"""
SmartPlate data loading utilities.

This module provides stub functions for loading and preparing data for each
of the three AI blocks. Actual implementation happens in the training notebooks;
these stubs define the interface used by the pipeline.
"""

from __future__ import annotations

import os
from pathlib import Path
from typing import Optional


def download_food101_subset(
    classes: list[str],
    output_dir: str,
    split: str = "train",
    max_samples_per_class: Optional[int] = None,
) -> dict[str, list[str]]:
    """Download a subset of the Food-101 dataset from HuggingFace Datasets.

    Pulls only the specified classes from Food-101, optionally capping the
    number of samples per class.
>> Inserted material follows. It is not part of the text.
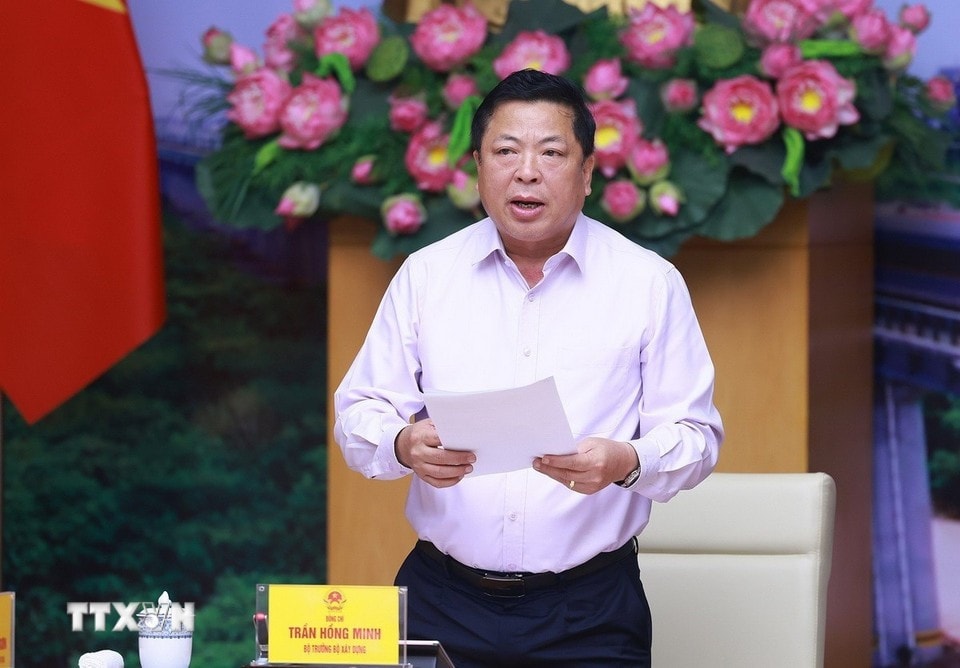 Bộ trưởng Bộ Xây dựng Trần Hồng Minh báo cáo tình hình triển khai các dự án trọng điểm lĩnh vực đường sắt. Ảnh: Dương Giang/TTXVN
Images are saved to ``output_dir`` under
    class-named subdirectories (e.g. ``output_dir/pizza/image001.jpg``).

    Args:
        classes: List of Food-101 class names to include.
            Must be valid Food-101 labels (lowercase, underscores for spaces),
            e.g. ``["pizza", "sushi", "caesar_salad"]``.
        output_dir: Root directory where images will be saved.
            Will be created if it does not exist.
        split: Dataset split to download — ``"train"``, ``"validation"``, or
            ``"test"``. Defaults to ``"train"``.
        max_samples_per_class: If set, cap the number of images per class.
            Useful for quick experiments. ``None`` means no cap (all images).

    Returns:
        A dict mapping each class name to a list of absolute file paths of
        the downloaded images, e.g.::

            {
                "pizza": ["/data/raw/pizza/img_001.jpg", ...],
                "sushi": ["/data/raw/sushi/img_001.jpg", ...],
            }

    Raises:
        ValueError: If any class name is not a valid Food-101 label.
        OSError: If ``output_dir`` cannot be created.

    Example:
        >>> paths = download_food101_subset(
        ...     classes=["pizza", "sushi", "salad"],
        ...     output_dir="data/raw/food101",
        ...     split="train",
        ...     max_samples_per_class=100,
        ... )
        >>> len(paths["pizza"])
        100
    """
    # TODO: Implement in notebook 01_eda_food101.ipynb, then port here.
    # Suggested implementation:
    #   from datasets import load_dataset
    #   ds = load_dataset("food101", split=split)
    #   ds_subset = ds.filter(lambda x: x["label"] in class_indices)
    raise NotImplementedError("Implement in notebook 02_train_vit_cv.ipynb first.")


def load_openfoodfacts_sample(
    food_name: str,
    max_results: int = 20,
    country: str = "world",
) -> list[dict]:
    """Query the Open Food Facts API for nutritional data about a food item.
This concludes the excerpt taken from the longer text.